Criminaliste depuis un peu plus de 14 ans, Me Roy n’a pas caché que, dans son milieu, à Québec, la compétition est forte, et que certains juristes s’arrachent littéralement les clients. Avec un ratio de quatre avocats de la défense pour un poursuivant, ce n’est pas étonnant.   

Tous pour un  

Cependant Me Roy, qui défend actuellement les intérêts de Nathalie Normandeau, s’est dit à la fois fier et étonné de voir comment, dans le district judiciaire de Québec, les avocats se tiennent et se respectent en cette période de crise.  

«Il y a, parmi l’ensemble des cabinets de la ville de Québec, une solidarité que je n’ai jamais vue. Les avocats échangent beaucoup sur les changements, les façons de faire... On a brisé les frontières pour partager l’information», a expliqué Me Roy.  

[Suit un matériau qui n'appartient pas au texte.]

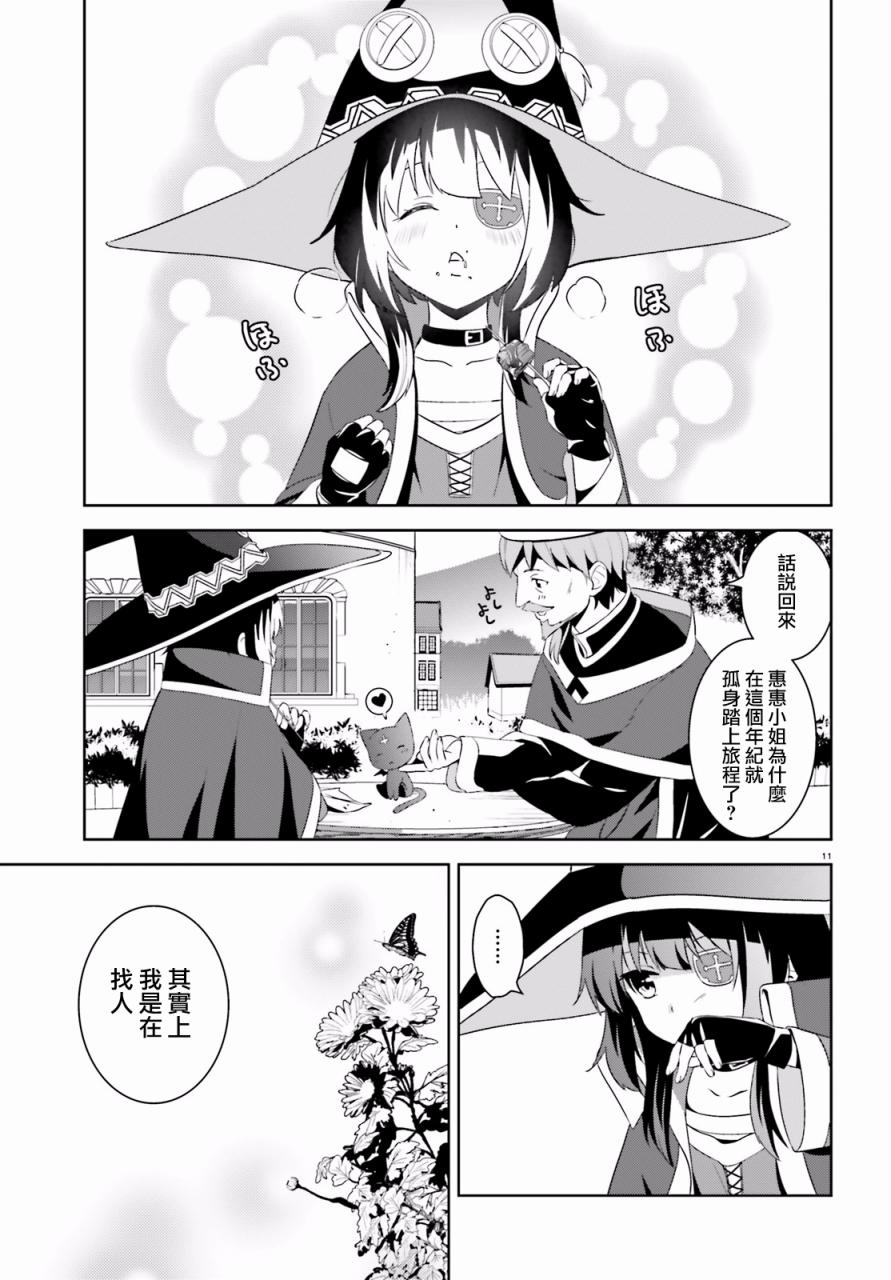 为这个美好的世界献上爆炎！韩漫全集-第10话无删减无遮挡章节图片 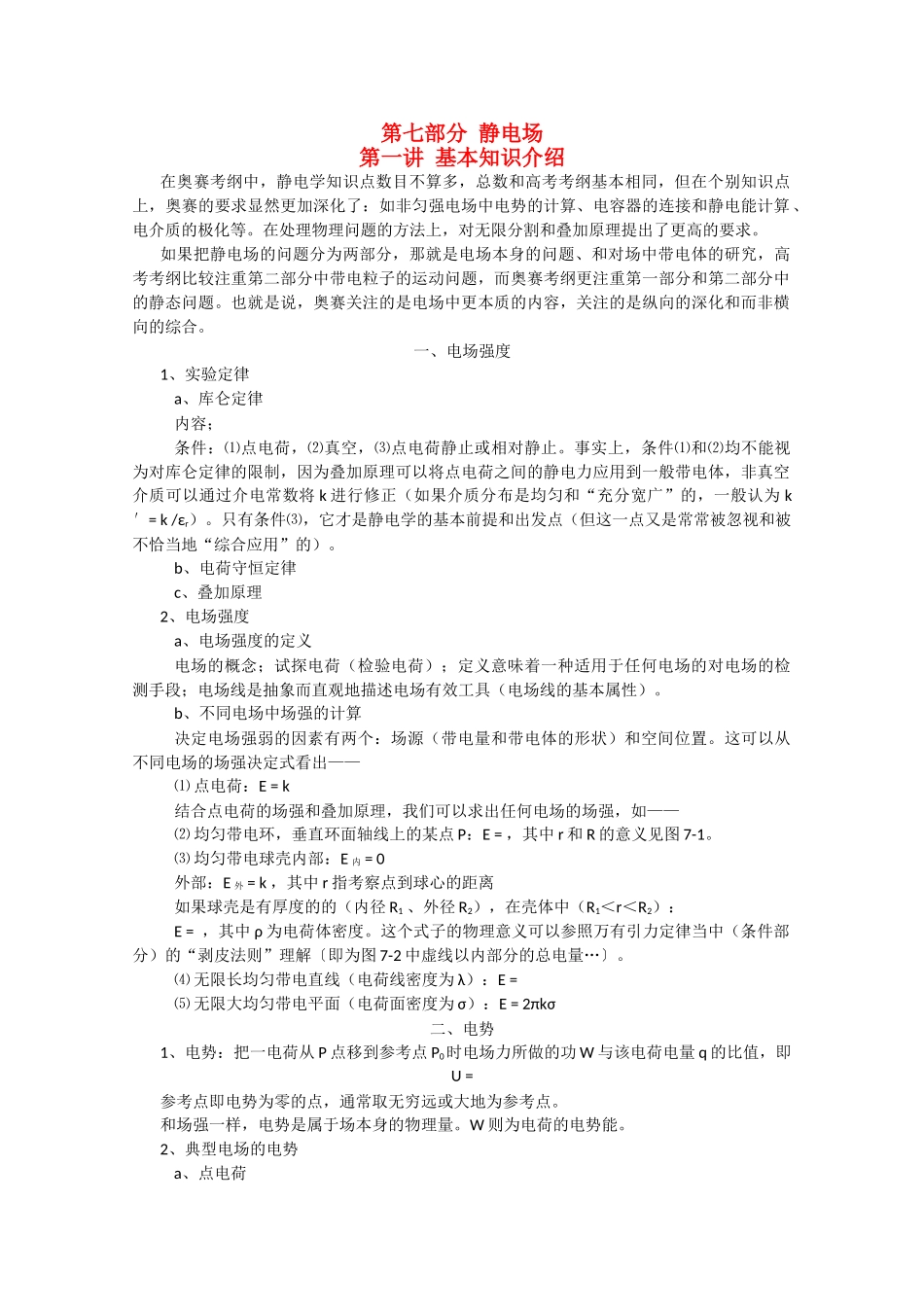 高中物理 第七部分静电场竞赛讲座讲稿 新人教版 _第1页
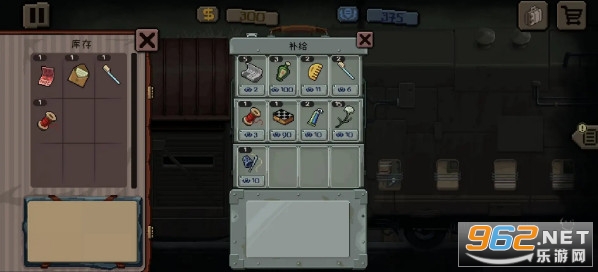 �Թ����г�����׿��v1.0.54 �ֻ����ͼ2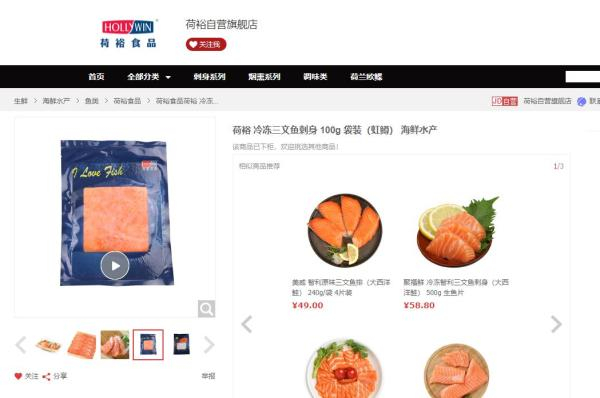 “冷冻三文鱼刺身”也已增加“虹鳟”标注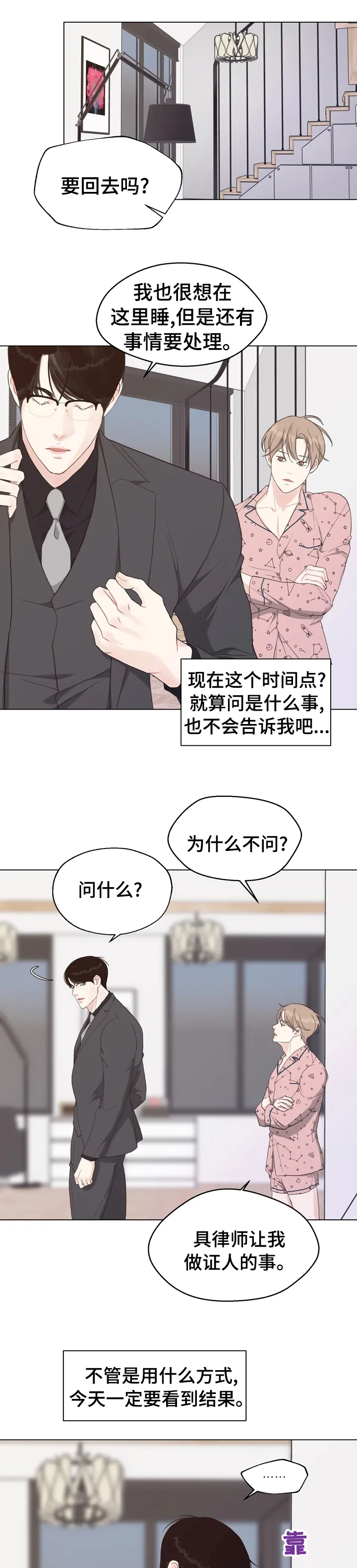 法医疑云漫画漫画,第80章：【第二季】分手吧10图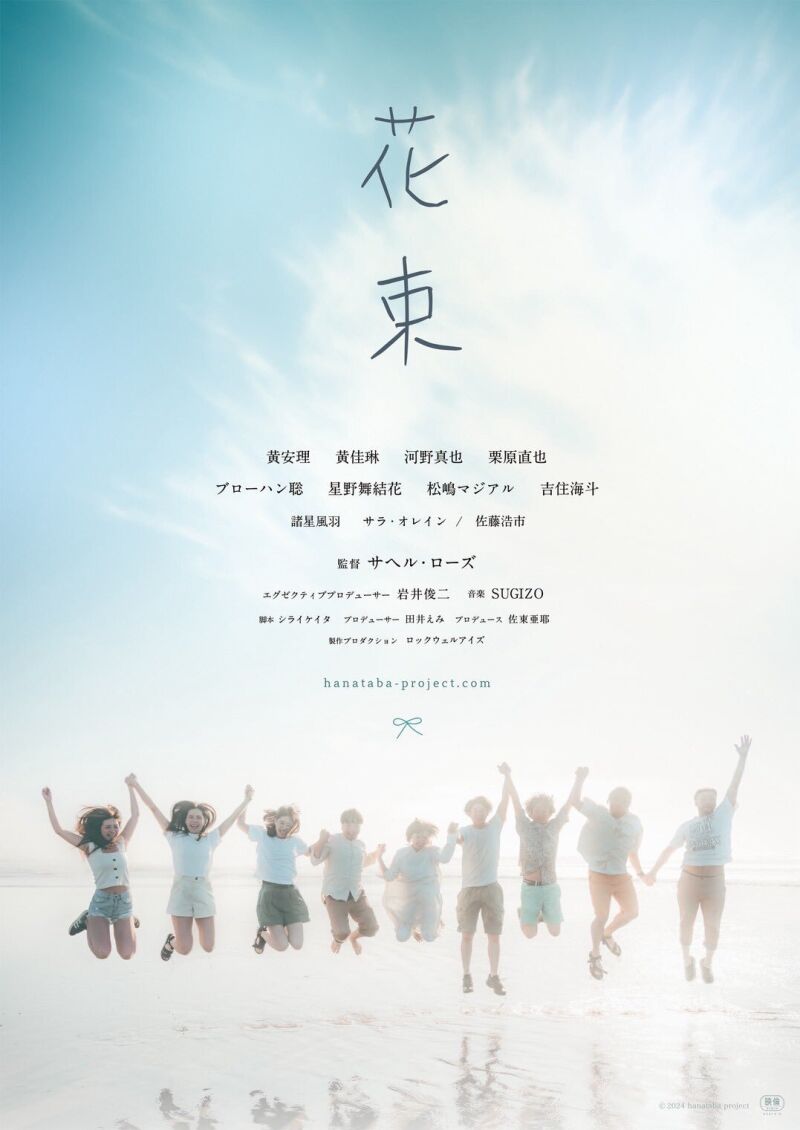 『花束』舞台挨拶スペシャルトーク配信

Concernant la suite, l'«après-COVID», Me Roy n’a pas voulu trop s’avancer. Il craint toutefois que la fin de l’été et l’automne soient extrêmement chargés, pour reprendre les causes qui n’auront pas été entendues ce printemps et au début de l’été.  

31 mai  

Pour l'instant, les tribunaux n'entendent que les causes urgentes et il a été décidé que ce sera comme ça jusqu'au 31 mai. Après, cette date, la situation sera réévaluée. 

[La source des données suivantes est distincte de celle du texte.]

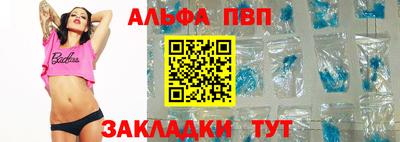 apvp Конаково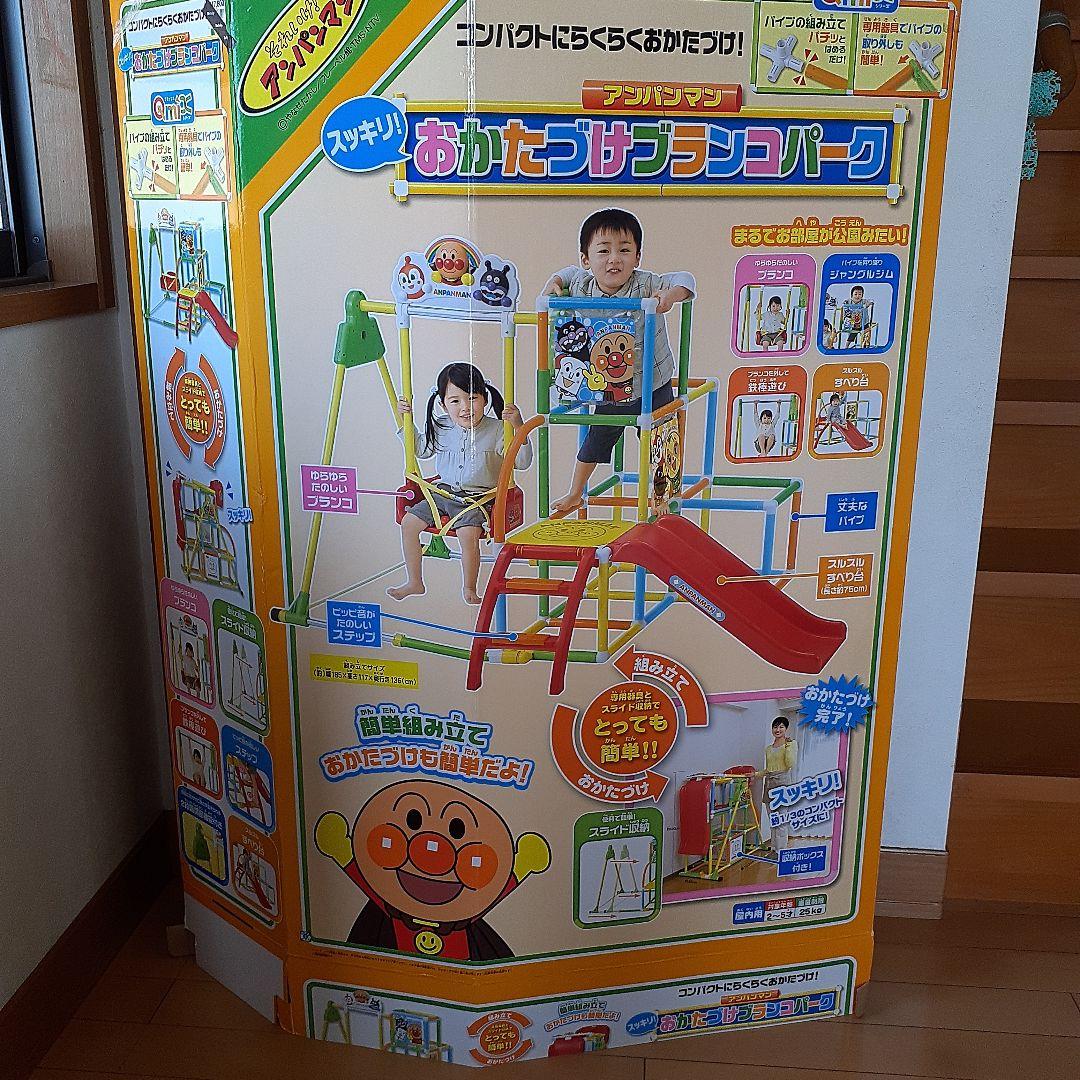 アンパンマン4way アスレチック　ブランコ滑り台　鉄棒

«Les tribunaux ont reporté au 31 mai leur règle d’entendre les causes urgentes. À cette date, la situation sera réévaluée», a-t-il dit en précisant que la question qui demeurait en suspens trouvait réponse au Bureau du directeur des poursuites criminelles et pénales.  

«Les dossiers qui sont mis au rôle étaient peut-être déjà des dossiers qui étaient sous enquête avant les mesures. Y aura-t-il plus de dossiers dans les prochaines semaines? Y en aura-t-il moins? La question demeure, et c’est ce qui va conditionner ce qu’il sera possible de gérer», a-t-il ajouté.  

Quoi qu’il en soit, il estime que les juges et l’appareil judiciaire au grand complet travaillent très fort pour entendre les causes qualifiées d’urgentes dans le contexte actuel.  

«C’est toutefois évident que la situation va faire appel à la créativité et à l’engagement de tous pour reprendre le rythme des affaires judiciaires lorsque le système va se remettre en marche», a-t-il dit en terminant.